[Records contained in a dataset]

------

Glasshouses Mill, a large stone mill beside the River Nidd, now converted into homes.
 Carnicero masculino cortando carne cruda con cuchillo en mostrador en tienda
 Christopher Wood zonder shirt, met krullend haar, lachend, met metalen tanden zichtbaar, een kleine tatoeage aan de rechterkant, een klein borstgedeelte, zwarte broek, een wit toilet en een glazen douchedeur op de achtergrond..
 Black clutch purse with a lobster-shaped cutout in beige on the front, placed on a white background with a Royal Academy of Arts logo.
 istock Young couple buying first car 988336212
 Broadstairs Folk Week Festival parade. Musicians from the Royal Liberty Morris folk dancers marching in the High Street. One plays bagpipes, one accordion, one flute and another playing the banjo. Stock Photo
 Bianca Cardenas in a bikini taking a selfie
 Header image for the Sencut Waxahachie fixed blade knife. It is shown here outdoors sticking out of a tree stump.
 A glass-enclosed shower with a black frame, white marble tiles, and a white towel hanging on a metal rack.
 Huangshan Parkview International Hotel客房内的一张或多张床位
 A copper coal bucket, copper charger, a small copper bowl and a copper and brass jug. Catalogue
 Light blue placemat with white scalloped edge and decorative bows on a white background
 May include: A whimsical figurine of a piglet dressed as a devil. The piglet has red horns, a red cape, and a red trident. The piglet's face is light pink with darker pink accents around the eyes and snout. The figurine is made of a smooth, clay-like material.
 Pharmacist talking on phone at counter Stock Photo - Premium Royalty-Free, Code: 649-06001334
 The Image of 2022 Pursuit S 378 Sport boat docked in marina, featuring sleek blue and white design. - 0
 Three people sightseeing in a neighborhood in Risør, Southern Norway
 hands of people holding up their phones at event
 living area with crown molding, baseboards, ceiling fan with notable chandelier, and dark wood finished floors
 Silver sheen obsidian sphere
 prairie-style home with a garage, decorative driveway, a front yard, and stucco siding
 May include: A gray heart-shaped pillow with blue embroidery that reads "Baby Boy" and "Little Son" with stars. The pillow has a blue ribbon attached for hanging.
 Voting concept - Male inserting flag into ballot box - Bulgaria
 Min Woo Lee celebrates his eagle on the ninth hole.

------

* **Work instructions**
Find the line with "living area with" in the entries above. Retype it and each line after it, exactly, through the line with "Voting concept - Male", and stop there.

* **Response to the task**
 living area with crown molding, baseboards, ceiling fan with notable chandelier, and dark wood finished floors
 Silver sheen obsidian sphere
 prairie-style home with a garage, decorative driveway, a front yard, and stucco siding
 May include: A gray heart-shaped pillow with blue embroidery that reads "Baby Boy" and "Little Son" with stars. The pillow has a blue ribbon attached for hanging.
 Voting concept - Male inserting flag into ballot box - Bulgaria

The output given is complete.